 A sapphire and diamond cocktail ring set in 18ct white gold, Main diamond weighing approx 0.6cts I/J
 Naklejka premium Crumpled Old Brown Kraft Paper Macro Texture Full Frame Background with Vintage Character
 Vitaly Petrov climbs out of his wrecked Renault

• • • • • • •

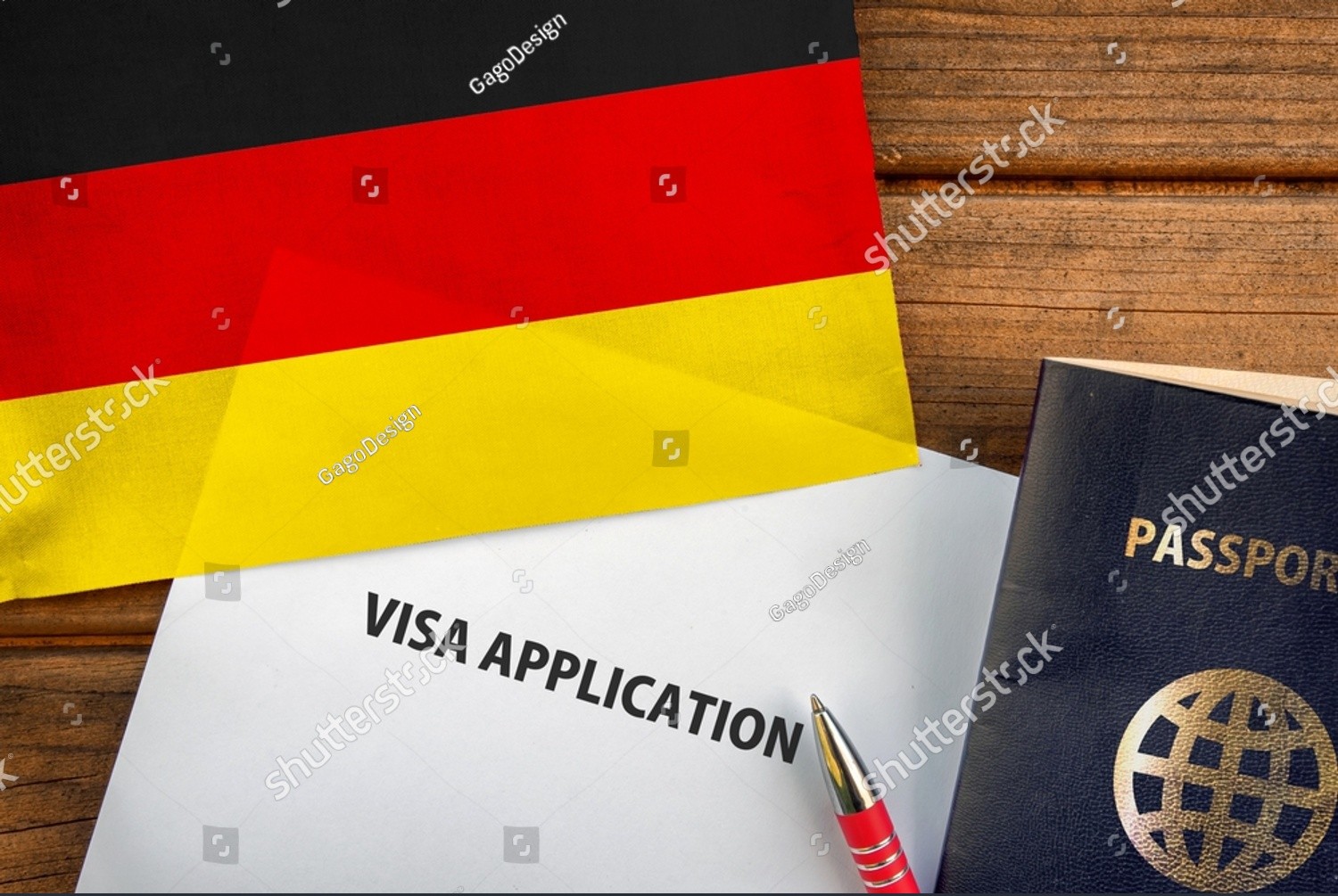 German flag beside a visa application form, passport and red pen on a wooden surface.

• • • • • • •

- GOAL OF THE EXERCISE -
Output the lines above exactly, but only those between the line holding "Naklejka premium Crumpled" and the line holding "Vitaly Petrov climbs", inclusive.

- ANSWER TO THIS EXERCISE -
 Naklejka premium Crumpled Old Brown Kraft Paper Macro Texture Full Frame Background with Vintage Character
 Vitaly Petrov climbs out of his wrecked Renault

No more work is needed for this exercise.